-- Records for the exercise follows --

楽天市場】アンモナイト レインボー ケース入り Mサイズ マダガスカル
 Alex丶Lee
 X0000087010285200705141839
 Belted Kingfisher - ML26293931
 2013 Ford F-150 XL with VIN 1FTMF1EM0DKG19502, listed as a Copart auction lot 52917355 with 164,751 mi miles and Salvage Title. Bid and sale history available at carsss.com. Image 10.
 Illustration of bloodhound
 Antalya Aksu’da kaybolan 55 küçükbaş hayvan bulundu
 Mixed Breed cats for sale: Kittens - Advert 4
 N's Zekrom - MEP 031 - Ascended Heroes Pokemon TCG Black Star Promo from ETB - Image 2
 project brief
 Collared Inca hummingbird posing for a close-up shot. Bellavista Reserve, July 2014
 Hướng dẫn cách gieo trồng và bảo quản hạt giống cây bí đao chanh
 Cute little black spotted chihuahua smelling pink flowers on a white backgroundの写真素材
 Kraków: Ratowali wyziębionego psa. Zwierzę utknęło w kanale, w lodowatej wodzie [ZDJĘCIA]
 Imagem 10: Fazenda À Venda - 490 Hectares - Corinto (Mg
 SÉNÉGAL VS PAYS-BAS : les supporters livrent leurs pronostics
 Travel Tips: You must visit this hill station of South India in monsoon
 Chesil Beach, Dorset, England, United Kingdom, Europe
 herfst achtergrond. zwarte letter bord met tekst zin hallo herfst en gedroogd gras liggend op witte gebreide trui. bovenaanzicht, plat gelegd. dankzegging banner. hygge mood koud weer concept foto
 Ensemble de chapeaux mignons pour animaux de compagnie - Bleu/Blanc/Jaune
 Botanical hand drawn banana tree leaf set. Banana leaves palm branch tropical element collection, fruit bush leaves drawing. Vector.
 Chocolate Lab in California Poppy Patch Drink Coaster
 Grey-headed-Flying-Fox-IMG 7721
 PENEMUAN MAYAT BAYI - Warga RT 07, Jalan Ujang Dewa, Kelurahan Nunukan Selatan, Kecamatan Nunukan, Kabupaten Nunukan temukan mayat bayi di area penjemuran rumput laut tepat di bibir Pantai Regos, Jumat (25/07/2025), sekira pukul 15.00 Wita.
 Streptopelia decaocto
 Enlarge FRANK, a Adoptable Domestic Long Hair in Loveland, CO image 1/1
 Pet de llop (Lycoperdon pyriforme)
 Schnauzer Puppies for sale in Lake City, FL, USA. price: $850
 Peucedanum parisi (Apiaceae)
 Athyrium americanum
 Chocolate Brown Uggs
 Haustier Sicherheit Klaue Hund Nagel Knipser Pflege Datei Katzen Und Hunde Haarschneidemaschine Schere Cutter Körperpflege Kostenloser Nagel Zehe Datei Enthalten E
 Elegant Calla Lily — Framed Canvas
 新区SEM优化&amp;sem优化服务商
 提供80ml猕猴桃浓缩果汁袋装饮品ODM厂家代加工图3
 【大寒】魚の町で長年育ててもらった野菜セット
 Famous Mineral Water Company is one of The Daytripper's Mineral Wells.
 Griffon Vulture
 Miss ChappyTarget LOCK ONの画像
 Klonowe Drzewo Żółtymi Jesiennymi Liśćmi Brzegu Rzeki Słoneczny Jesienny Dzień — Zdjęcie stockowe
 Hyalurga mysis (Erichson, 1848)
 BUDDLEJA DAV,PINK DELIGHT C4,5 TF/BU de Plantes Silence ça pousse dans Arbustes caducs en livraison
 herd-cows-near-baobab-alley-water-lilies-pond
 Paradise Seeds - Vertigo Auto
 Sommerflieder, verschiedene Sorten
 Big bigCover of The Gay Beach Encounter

-- Records for the exercise concluded --

An exact copy of the lines above, from the one containing "Haustier Sicherheit Klaue" down to the one containing "Hyalurga mysis (Erichson, 1848)" and including both, is the whole answer; retype it and nothing else.

 Haustier Sicherheit Klaue Hund Nagel Knipser Pflege Datei Katzen Und Hunde Haarschneidemaschine Schere Cutter Körperpflege Kostenloser Nagel Zehe Datei Enthalten E
 Elegant Calla Lily — Framed Canvas
 新区SEM优化&amp;sem优化服务商
 提供80ml猕猴桃浓缩果汁袋装饮品ODM厂家代加工图3
 【大寒】魚の町で長年育ててもらった野菜セット
 Famous Mineral Water Company is one of The Daytripper's Mineral Wells.
 Griffon Vulture
 Miss ChappyTarget LOCK ONの画像
 Klonowe Drzewo Żółtymi Jesiennymi Liśćmi Brzegu Rzeki Słoneczny Jesienny Dzień — Zdjęcie stockowe
 Hyalurga mysis (Erichson, 1848)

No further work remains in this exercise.